Once again, the scream occurred again, this time, I knew for sure that it was Christine's.

"Let me go!" she was pleading and screaming to be let go of.

"Just give us the Phantom!" came a strange voice.

Someone was here for me! I could smell smoke and hear the scream again. I knew if I stayed here, I would be caught. Quickly, I stumbled out of bed, my ankle screaming as I limped across the floor, my arms outstretched to feel around. Ayesha was circling my legs, meowing as if she was trying to guide me to safety. I tripped and stumbled over furniture, clung to the walls to break my falls until I reached what I believed to be a door. The screams were far away now, making it clear that this door was a way to safety. I felt around for the door knob, turning it, and falling through to the other side. I groaned in agony, as Ayesha circled my body, pushing up against me, as if coaxing me to get up. I groaned and forced myself to get up, hobbling out in the cold. It was raining hard and I was blind. I kept my body up against the side of the building, keeping it close to me, using it like my eyes.

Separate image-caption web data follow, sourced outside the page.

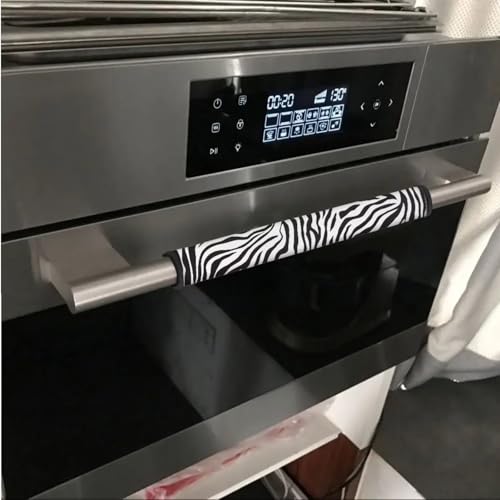 Image of Refrigerator Door Handle Covers Set of 6 Kitchen Electrical Appliance Decor Handles Keep Clean Anti-Slip Stylish Fridge Accessories Fashion Home Decor, Zebra Print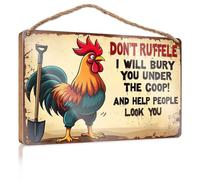 Funny Decor For Home Don'T Ruffle, I'Ll Bury You Under The Coop! Wooded Sign Funny Bar Signs Wood Signs For Home Decor(15X28CM)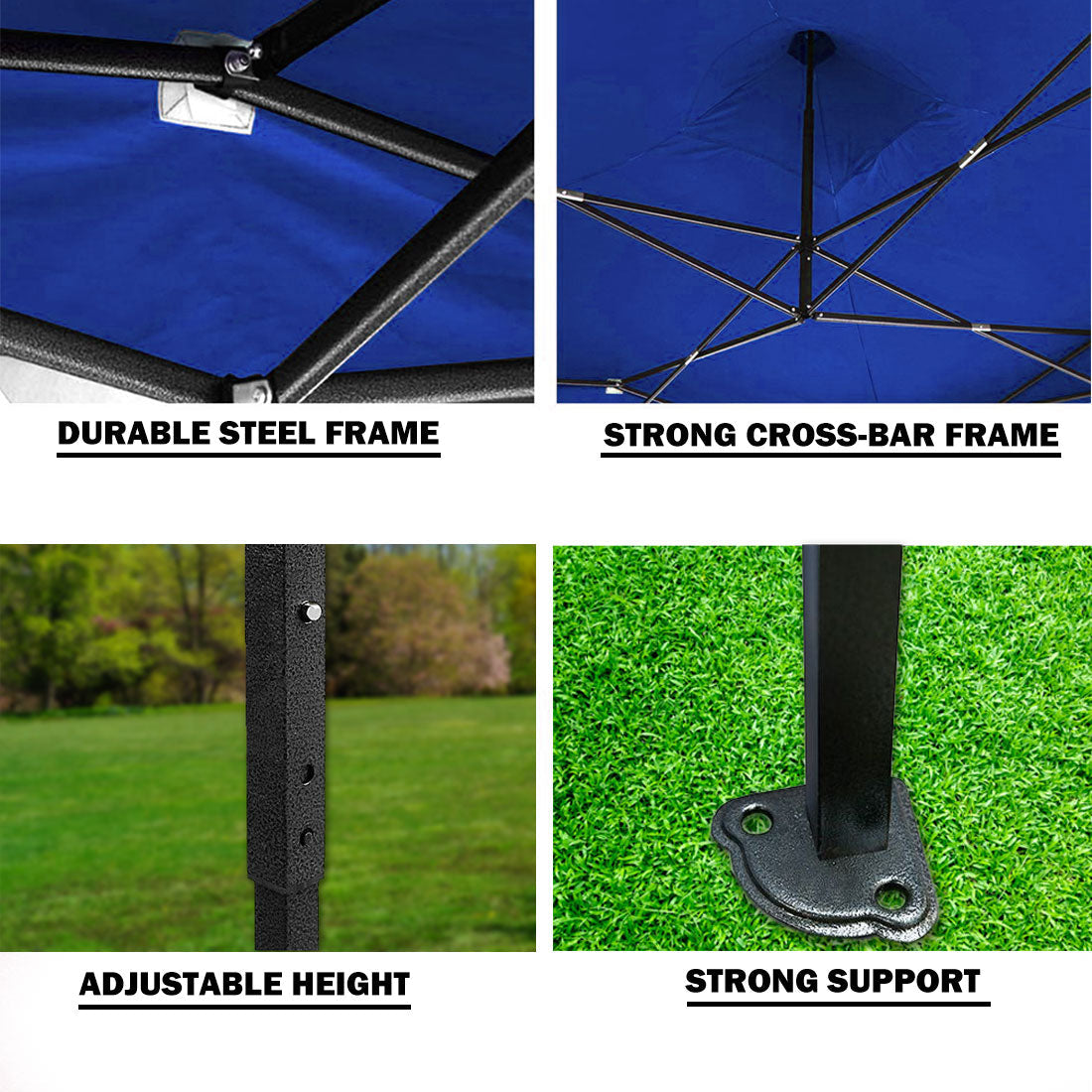 3x3m Pop Up Gazebo Outdoor Tent Folding Marquee Party Camping Market Canopy w/ Side Wall - blue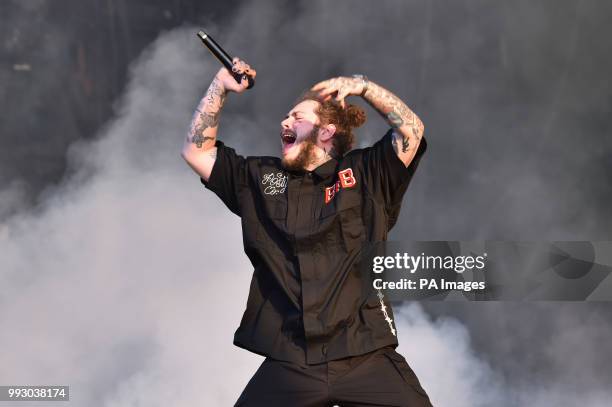 Post Malone performing on the first day of the Wireless Festival, in Finsbury Park, north London. PRESS ASSOCIATION Photo. Picture date: Friday July...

I heard screams, screams of passing people, screams of fright. I reached up, hoping to feel my mask in place, but it wasn't there. My fall must have knocked it out of place.

I was weak, I was exhausted, and to make matters worse, I couldn't breathe. When I couldn't walk any farther, I collapsed to my knees, collapsing my bare chest to the cold, wet ground. I lay there, feeling gravel stabbing my flesh and rain pelting me. Was this how I was going to die? I was shivering now, shivering and gasping for breath. Ayesha crawled on top of my chest and laid there, as if she were trying to keep me warm.

"Erik?"

I thought I heard Christine's voice, but it wasn't. This wasn't my Christine.

"Erik?"

I was nearly unconscious, but I could still hear her calling my name. It was a woman….and I knew this voice.

"Christine…" I murmured her name as I lay there gasping for air.

Did she get out all right? Oh, where was my Christine? If something happened to her, I would never forgive myself. Never would I ever forgive myself! Oh, curse this monster that I am! Curse him to hell!

"Christine," I called out her name again, a little louder this time, hoping she would answer me.

"Erik?" but that voice occurred again. This was not the voice that belonged to my Christine. But before I could answer, I blacked out, death was probably awaiting me.